It is widely acknowledged that India has achieved considerable success in the fields of IT and ITeS over the past two decades. Indian companies have proved that they are competitive in these global industries. However, there are now fears that this growth is not sustainable due to serious challenges on the human resources front.
In the IT and ITeS industries, employees at all levels work in an environment in which technical knowledge alone is not enough to create value for the customer or to achieve career progression. Our education system has not prepared our graduates for this work environment. Schools and colleges focus almost exclusively on technical knowledge, and ignore critical areas like industry exposure and soft skills development. This problem has been exacerbated by the need for companies to recruit more candidates from Tier 2 cities, as well as to seek talent at lesser known colleges. The ‘Freshers’ face career limitations due to their limited English language capabilities, weak communication skills, and poor interpersonal skills.
At the same time attrition levels are high as more and more companies chase the scarce talent available.
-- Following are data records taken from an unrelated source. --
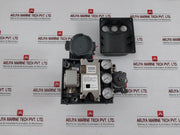 Fisher-0-10-Bar-30-Vdc-Digital-Valve-Controller-Dvc6030-208889-8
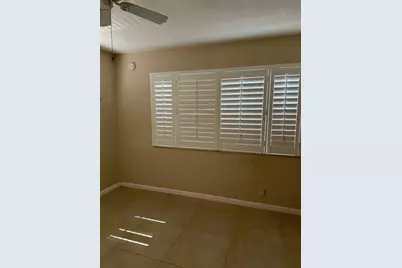 350 S Cypress Road #522, Pompano Beach, FL 33060 - Photo 12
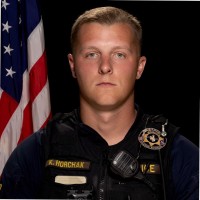 Kevin Horchak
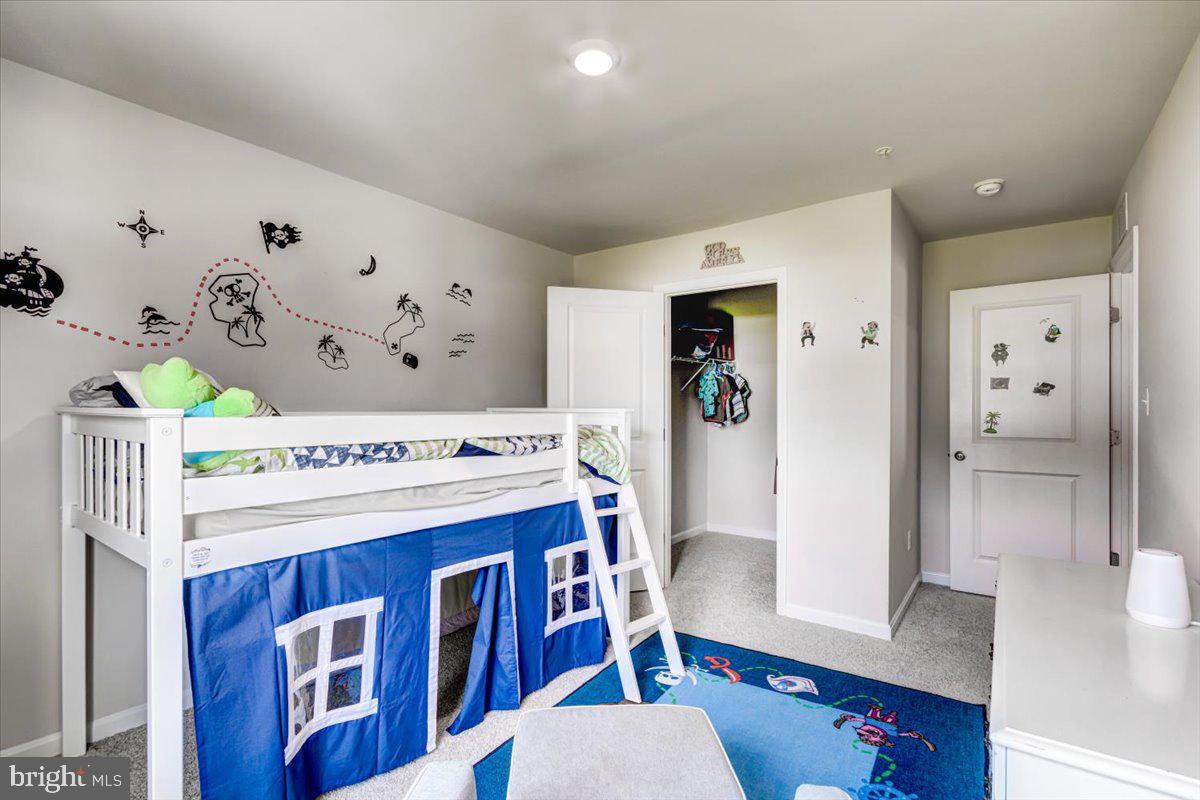 TWO RIVERS - Residential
To combat attrition, small and mid sized companies are promoting people in record time. Employees are often expected to take on new roles and responsibilities well before they have developed the skills, knowledge and maturity necessary for these roles. Inexperienced managers may actually contribute to an increase in attrition rates, thus creating a vicious cycle. Even large companies operating in the Indian environment have begun to face these challenges and are looking for ways to bring their employees rapidly up to speed.
In all emerging and high growth industries, companies are faced with the need to not only find people with the requisite technical skills, but are having to invest heavily in training them in the soft skills that are essential for working with colleagues, customers, suppliers, and with their counterparts across countries and cultures.